Right from Petaluma on Washington Street 2.8 m. to a junction with a paved road; R. here to what was General Mariano Vallejo's Casa GRANDE (caretaker) 4.4 m., built in 1833-34. When Vallejo stood on the broad second-story balcony, his eyes could see no land that was not his own, for the great house was headquarters for his 75,000-acre Rancho Petaluma. The white plaster on the adobe walls is cracked and crumbling in spots, and a shingled roof has replaced the original tiles; but the massive walls are the same that Vallejo's Kanaka workmen put together, and the original beams of hand-hewn redwood support ceilings and balconies. The rear wing has been destroyed. In the inner courtyard formed by the four great walls, Vallejo's two thousand Indians gathered to hear his orders.
On US 101 at 21.5 m. is COTATI (113 alt., 1,000 pop.), founded on land Once part of 17,000-acre Rancho Cotati, whose owner, Captain Juan Castaneda, gave up his claim in 1849 to the district's American sheriff, Dr. Thomas S. Page. The sheriff's son, Wilfred Page, laid out the town around a hexagonal plaza, from which the streets radiate in a spider-web pattern. When asked why he had not used simple squares and straight lines in the great expanse of land, Page replied, “Any fool can plant that and come out right, but it takes brains to start on angles and have your plans click.”

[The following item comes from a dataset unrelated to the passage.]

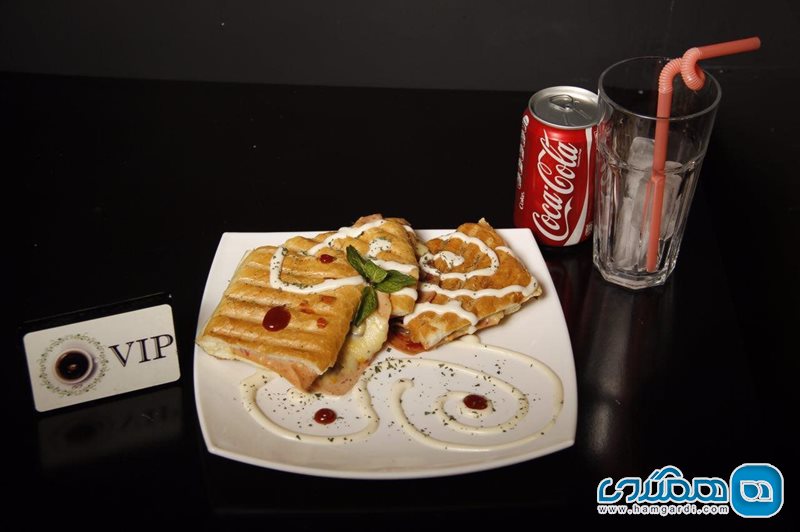 کافه گرند تاک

SANTA ROSA, 29.9 m. (160 alt., 12,547 pop.), seat of Sonoma County, is an attractive, prosperous city at the base of the Sonoma Mountain on the eastern edge of a rich alluvial valley. In 1829 Father Juan Amores, on a missionary expedition from San Rafael, named the valley and creek for Saint Rose of Lima but the Indians prevented him from establishing a mission. In 1833, Mariano Vallejo tried to begin a settlement here, but abandoned it in favor of Sonoma. The town was not founded until several years after the discovery of gold, when the Argonauts turned to farming. Almost immediately the enterprising community asked to be made county seat (then Sonoma); they received the honor in 1854.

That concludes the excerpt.